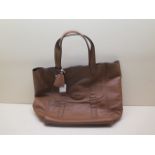 A Mulberry oak leather maise tote smooth touch bag, 29cm wide, as new with wallet and dust jacket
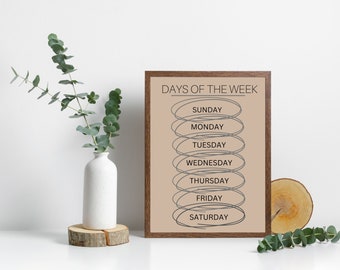 Days of The Week Learning Poster, Boho Classroom Decor (Printable)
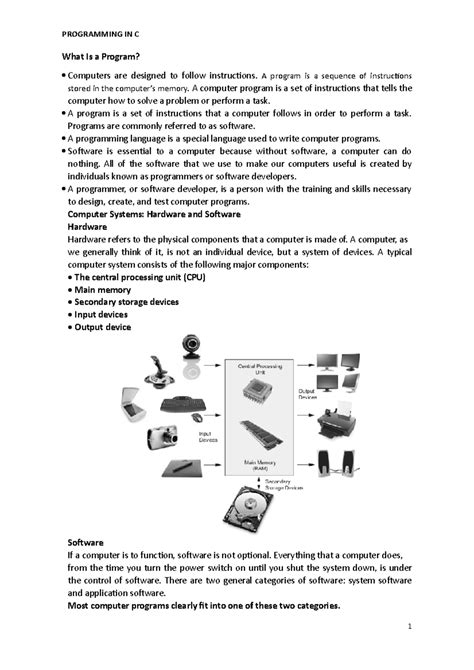 C lang - try it - PROGRAMMING IN C What Is a Program? Computers are ...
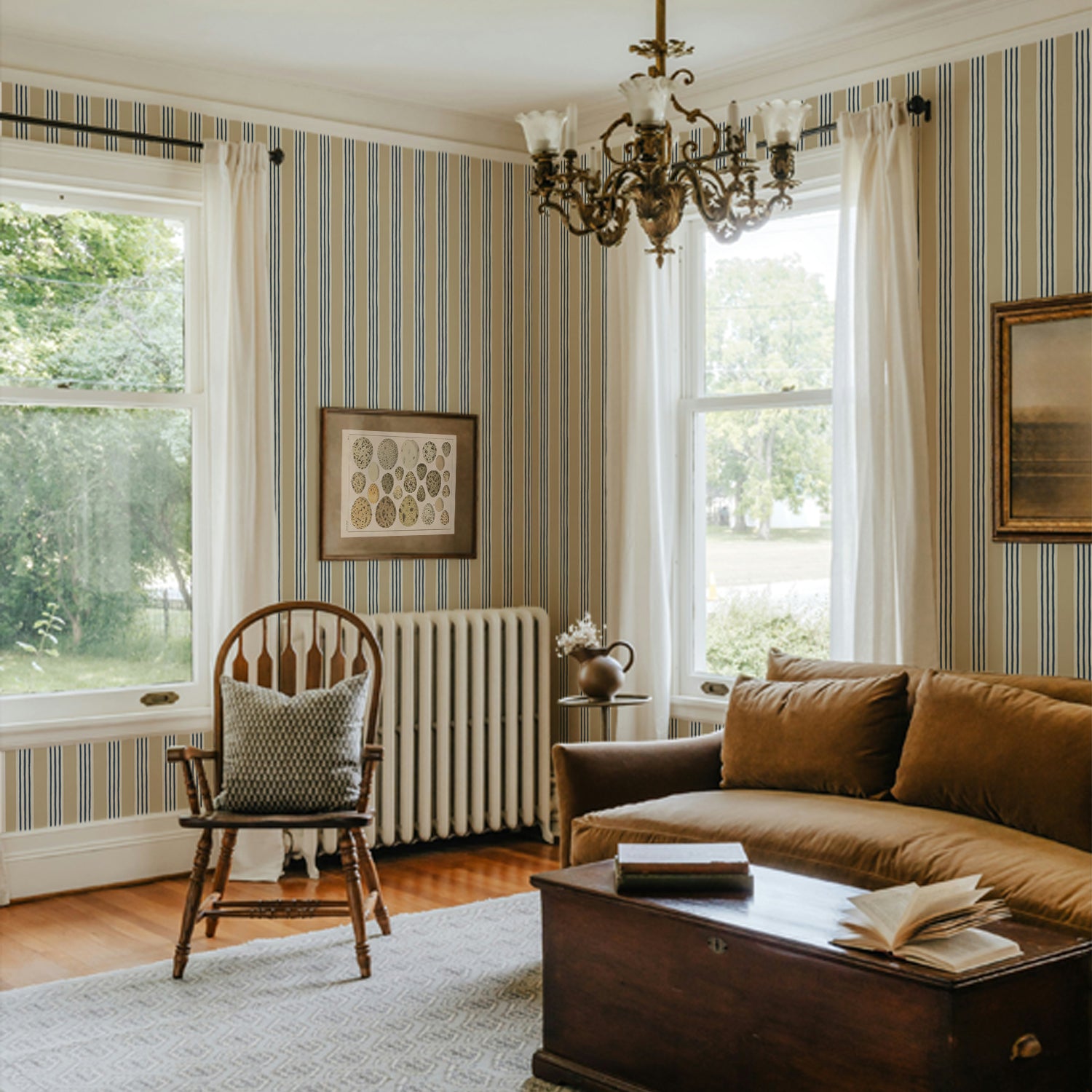 Josephine Munsey Kemble Stripe - Chute Blue, Shell and Cliffwell Stone - Roll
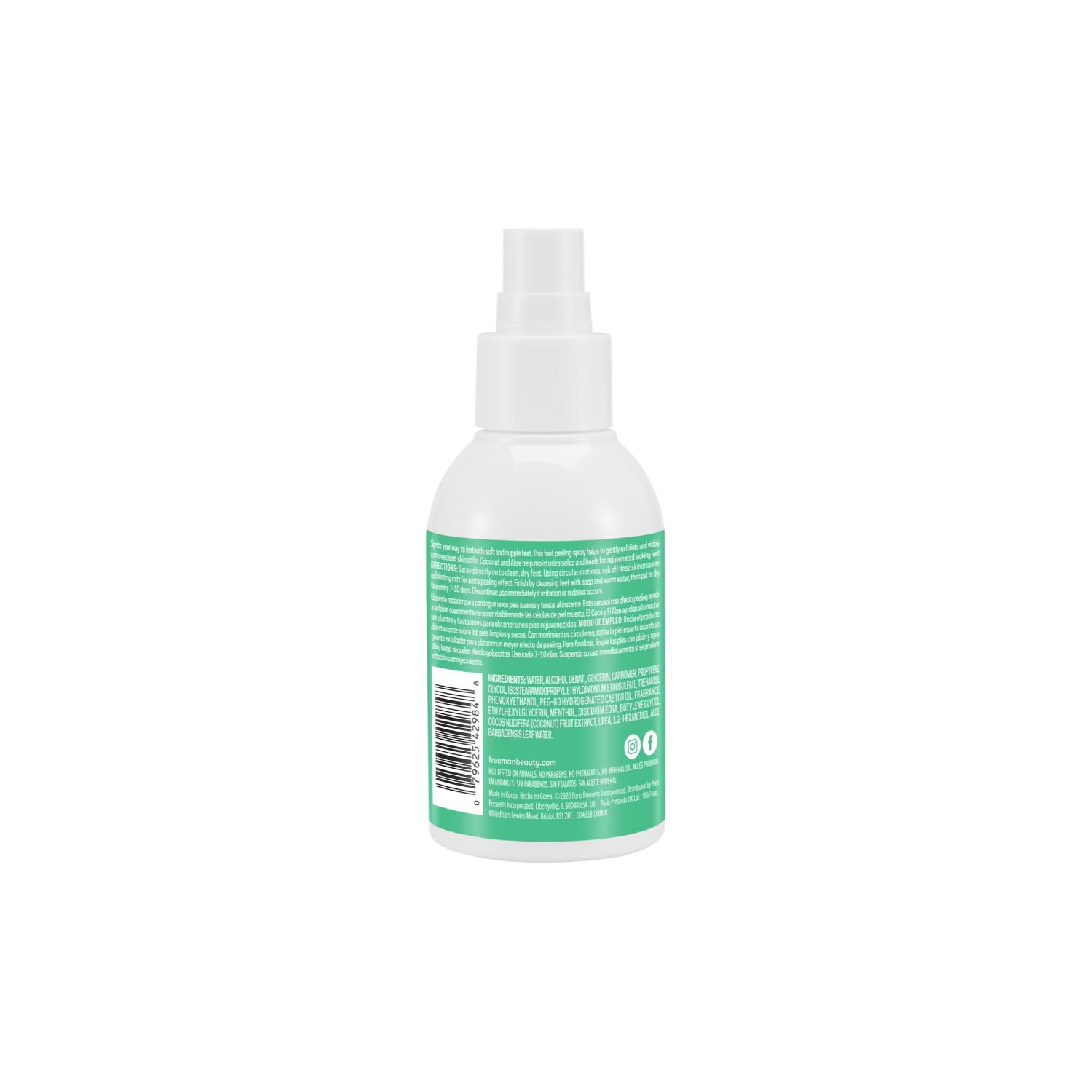 Freeman Flirty Feet Instant Foot Peeling Spray, Foot Mask, 4 fl oz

********

### [WHAT YOU HAVE TO DO]
Full transcription without images: please go through the records and repeat them exactly.

### [EXERCISE OUTPUT]
 A Mulberry oak leather maise tote smooth touch bag, 29cm wide, as new with wallet and dust jacket
 Days of The Week Learning Poster, Boho Classroom Decor (Printable)
 C lang - try it - PROGRAMMING IN C What Is a Program? Computers are ...
 Josephine Munsey Kemble Stripe - Chute Blue, Shell and Cliffwell Stone - Roll
 Freeman Flirty Feet Instant Foot Peeling Spray, Foot Mask, 4 fl oz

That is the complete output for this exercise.